Return the listing verbatim, images left out.

▬▬▬▬▬▬

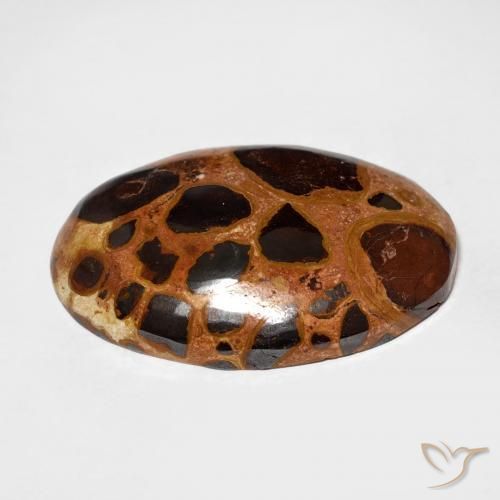 Jaspe Multicolorido Natural 17.45ct, oval, Opaco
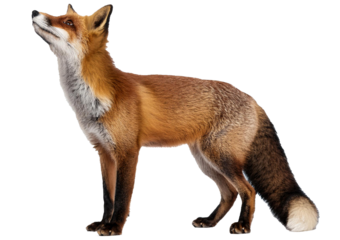 Red fox looking up, two years old isolated on a transparent or white background
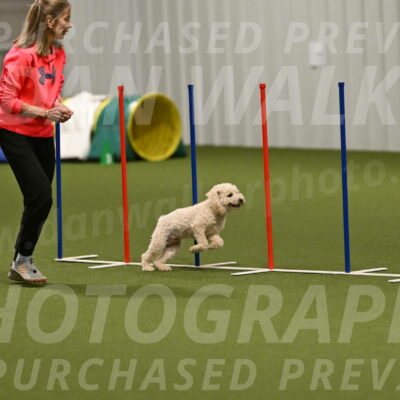 Charlie-Barbara-Thomas-05982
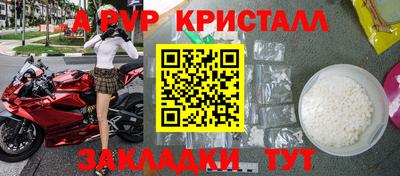 стафф Камышлов
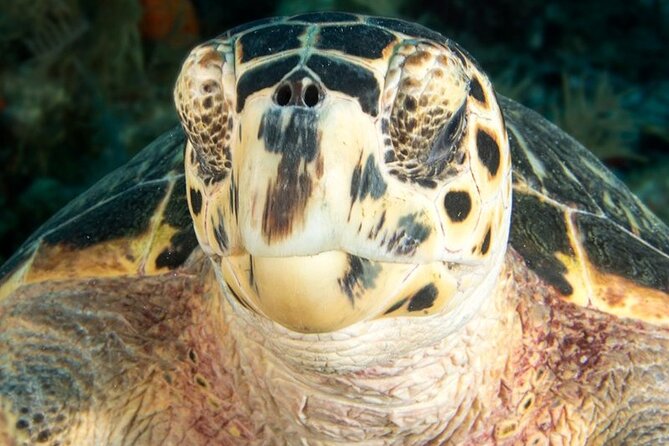 Key Largo Snorkel Tour, Two Locations - Equipment Included! - A mixed snorkel and scuba boat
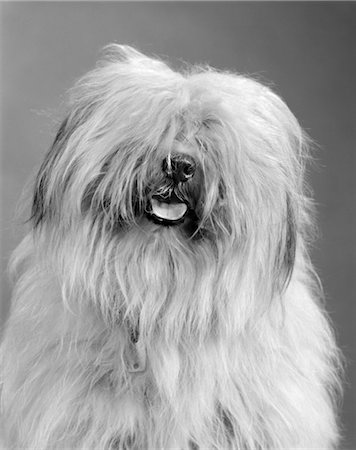 sheep dog portraits - ANNÉES 1960 PORTRAIT DE CHIEN DE BERGER ANGLAIS AVEC CHEVEUX COUVRANT YEUX & LANGUE À PEINE TRAÎNER Photographie de stock - Rights-Managed, Code: 846-02792422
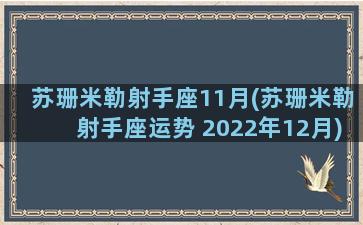 苏珊米勒射手座11月(苏珊米勒射手座运势 2022年12月)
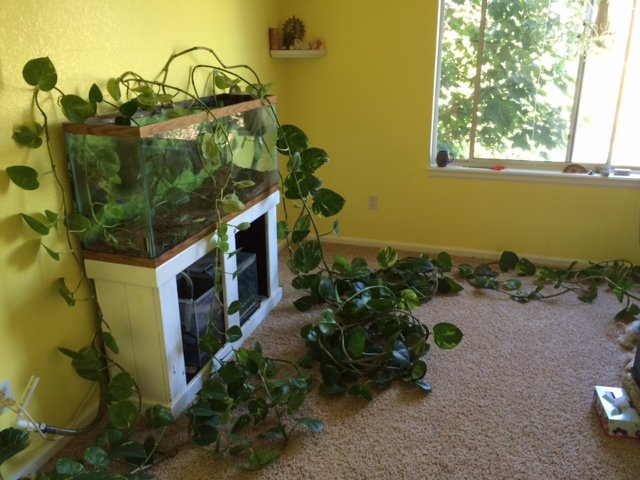 photo 2 (1).JPG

▬▬▬▬▬▬

▸ **Exercise solution**
 Jaspe Multicolorido Natural 17.45ct, oval, Opaco
 Red fox looking up, two years old isolated on a transparent or white background
 Charlie-Barbara-Thomas-05982
 стафф Камышлов
 Key Largo Snorkel Tour, Two Locations - Equipment Included! - A mixed snorkel and scuba boat
 sheep dog portraits - ANNÉES 1960 PORTRAIT DE CHIEN DE BERGER ANGLAIS AVEC CHEVEUX COUVRANT YEUX & LANGUE À PEINE TRAÎNER Photographie de stock - Rights-Managed, Code: 846-02792422
 苏珊米勒射手座11月(苏珊米勒射手座运势 2022年12月)
 photo 2 (1).JPG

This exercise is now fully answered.